As the fallout from Scotland’s last minute defeat to Australia in the Rugby World Cup quarter-final continues, the media glare begins to turn on the International Rugby Board. Initially, Scotland fans directed their ire at referee Craig Joubert for running off the pitch straight after the final whistle and the IRB wasted little time condemning the South African for making the wrong decision to award Australia the match winning penalty.
While football may be the Beautiful Game, rugby is lauded for its insistence that the players respect the referee. The IRB’s decision to criticise Joubert so soon after the match undermines his position and erodes respect for referees across the sport. While the crowd at Twickenham was able to spot the referee’s mistake on the big screen replays, Joubert himself was prevented from consulting the Television Match Official. This is because the TMO can be used to determine acts of foul play, ruling on an infringement in the build-up to a try or to check both grounding of the ball and kicks at goal – but crucially not to check whether a player is offside.

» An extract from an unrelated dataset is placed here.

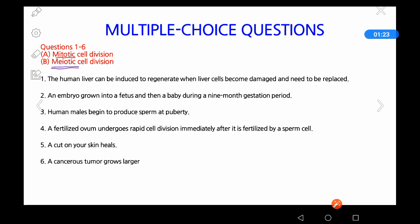Meiotic cell division is a process of dividing cells only for sex cells. The formation of egg and sperm occurs by meiotic cell division. The key difference is the type of cells: in mitosis there is one round of division with four stages — prophase, metaphase, anaphase, and telophase — while in meiosis there are two rounds of division.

Before the technology was implemented, it should have been predicted that games at the highest level would be determined by such decisions. The IRB must accept responsibility for handicapping the referee at such a crucial point of the tournament. Just as the failure to award Frank Lampard a goal against Germany in the 2010 World Cup ultimately led to the introduction of goal line technology, let’s hope that Scotland’s misfortune will ensure the rules are changed in future.